═════ DATA FOR REVIEW ═════
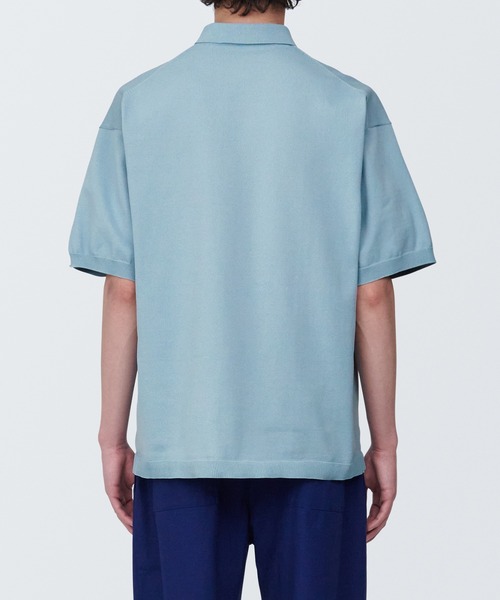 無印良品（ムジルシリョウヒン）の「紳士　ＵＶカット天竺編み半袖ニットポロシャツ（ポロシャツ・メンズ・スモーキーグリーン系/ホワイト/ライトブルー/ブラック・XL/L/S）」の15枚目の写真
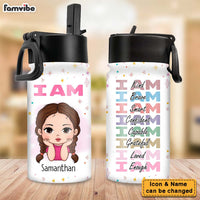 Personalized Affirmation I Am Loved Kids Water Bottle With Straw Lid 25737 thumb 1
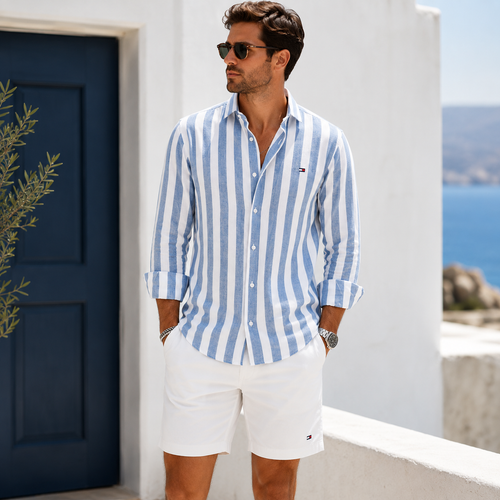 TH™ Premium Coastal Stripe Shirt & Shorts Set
═════
═════ DATA FOR REVIEW ═════
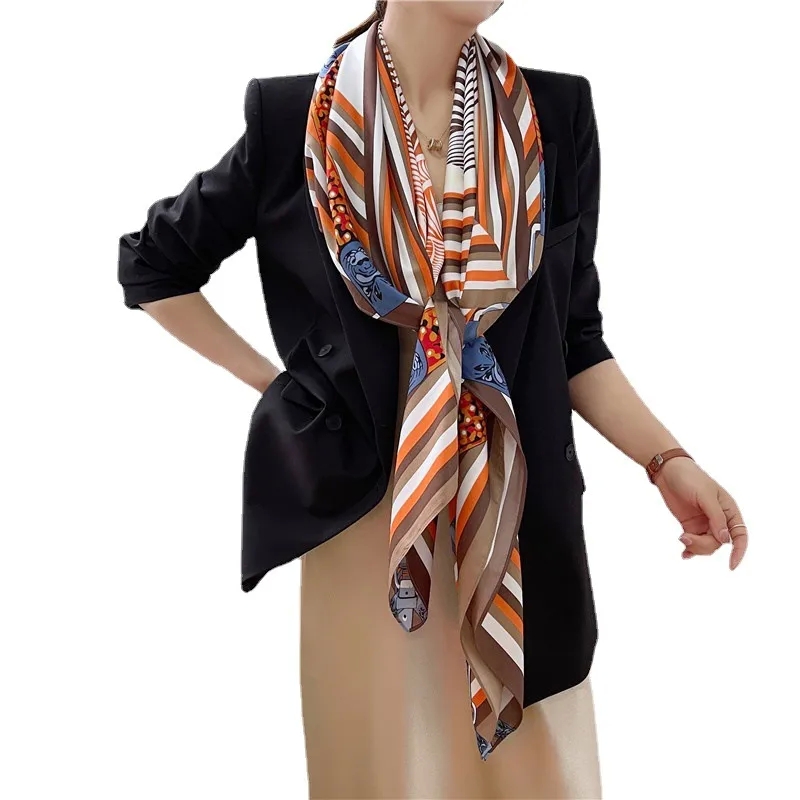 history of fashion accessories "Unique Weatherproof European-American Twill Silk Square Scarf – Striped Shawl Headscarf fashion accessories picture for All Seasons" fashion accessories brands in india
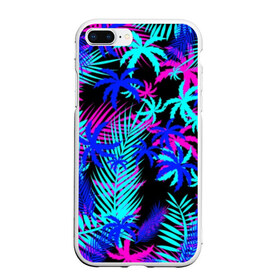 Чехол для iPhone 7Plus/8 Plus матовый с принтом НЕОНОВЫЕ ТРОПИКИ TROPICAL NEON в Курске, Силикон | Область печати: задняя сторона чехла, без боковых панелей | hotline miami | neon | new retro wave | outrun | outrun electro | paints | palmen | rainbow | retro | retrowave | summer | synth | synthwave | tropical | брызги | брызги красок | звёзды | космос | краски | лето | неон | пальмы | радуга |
═════
═════ DATA FOR REVIEW ═════
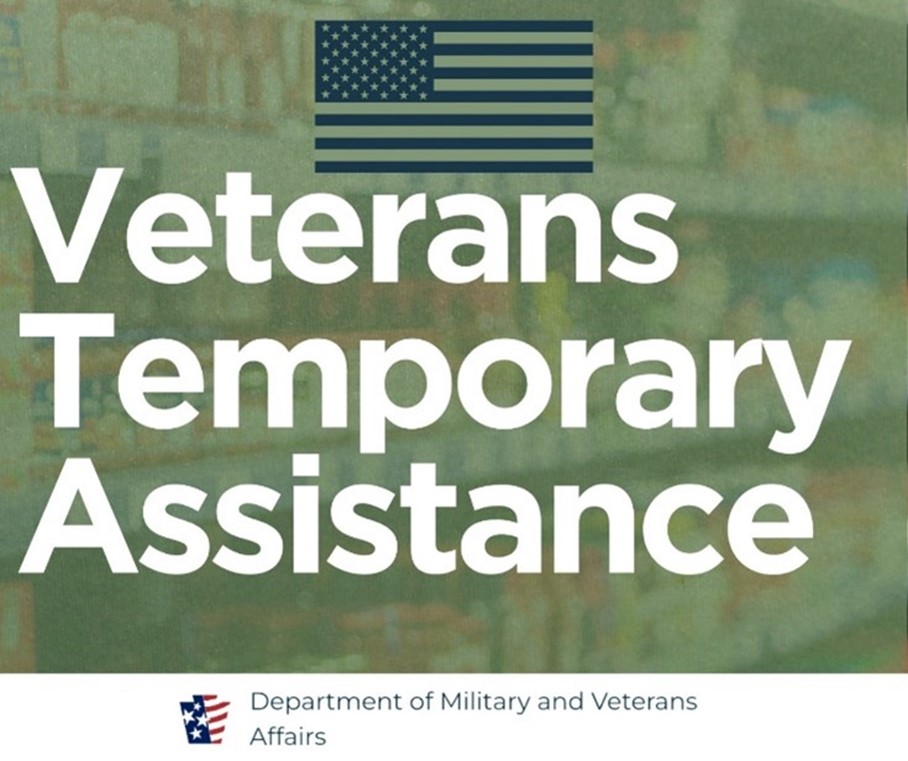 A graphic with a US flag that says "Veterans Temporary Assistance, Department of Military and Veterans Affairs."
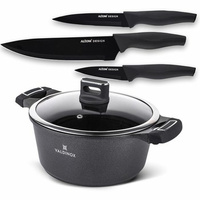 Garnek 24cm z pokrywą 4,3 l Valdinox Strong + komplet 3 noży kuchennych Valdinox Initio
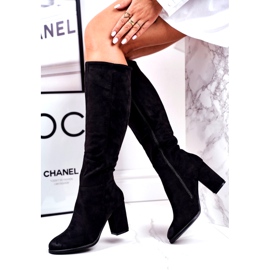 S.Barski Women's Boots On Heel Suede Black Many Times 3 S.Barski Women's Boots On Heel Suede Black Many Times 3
═════
WHAT IS NEEDED:
Copy exactly the part of the material above that opens with the line containing "history of fashion" and closes with the line containing "Чехол для iPhone", ends included. Drop the images.

TASK RESPONSE:
 history of fashion accessories "Unique Weatherproof European-American Twill Silk Square Scarf – Striped Shawl Headscarf fashion accessories picture for All Seasons" fashion accessories brands in india
 Чехол для iPhone 7Plus/8 Plus матовый с принтом НЕОНОВЫЕ ТРОПИКИ TROPICAL NEON в Курске, Силикон | Область печати: задняя сторона чехла, без боковых панелей | hotline miami | neon | new retro wave | outrun | outrun electro | paints | palmen | rainbow | retro | retrowave | summer | synth | synthwave | tropical | брызги | брызги красок | звёзды | космос | краски | лето | неон | пальмы | радуга |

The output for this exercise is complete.